Recorded data:
######

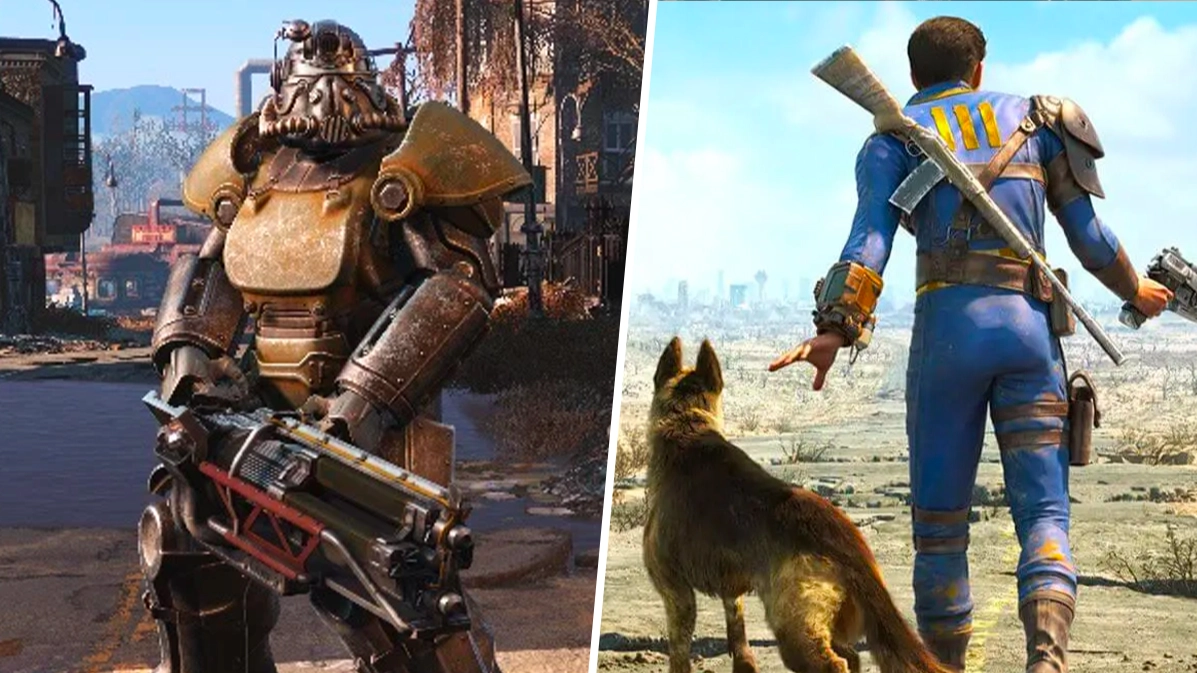 Fallout 4 fans impressed with new 'DLC' announcement 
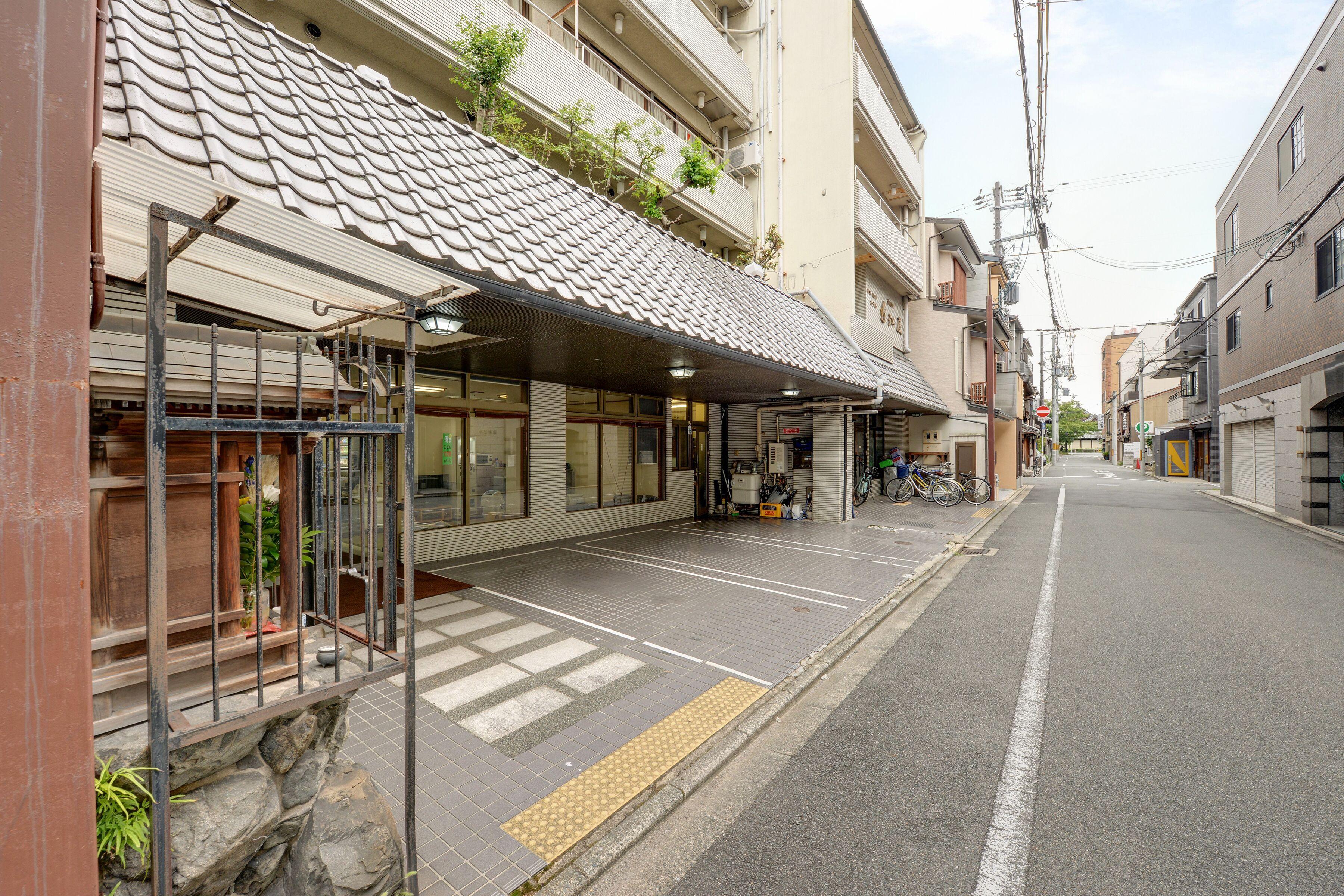Hotel Omiya - Kyoto — Photos 1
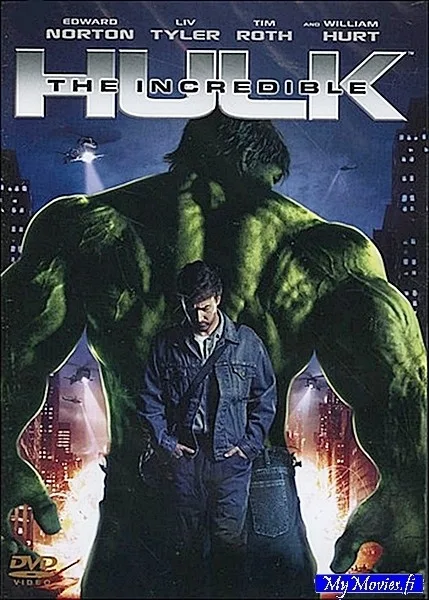 Incredible Hulk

######

Exercise details: Set down the material exactly, every line of it, except for the pictures.

Exercise output:
 Fallout 4 fans impressed with new 'DLC' announcement 
Hotel Omiya - Kyoto — Photos 1
 Incredible Hulk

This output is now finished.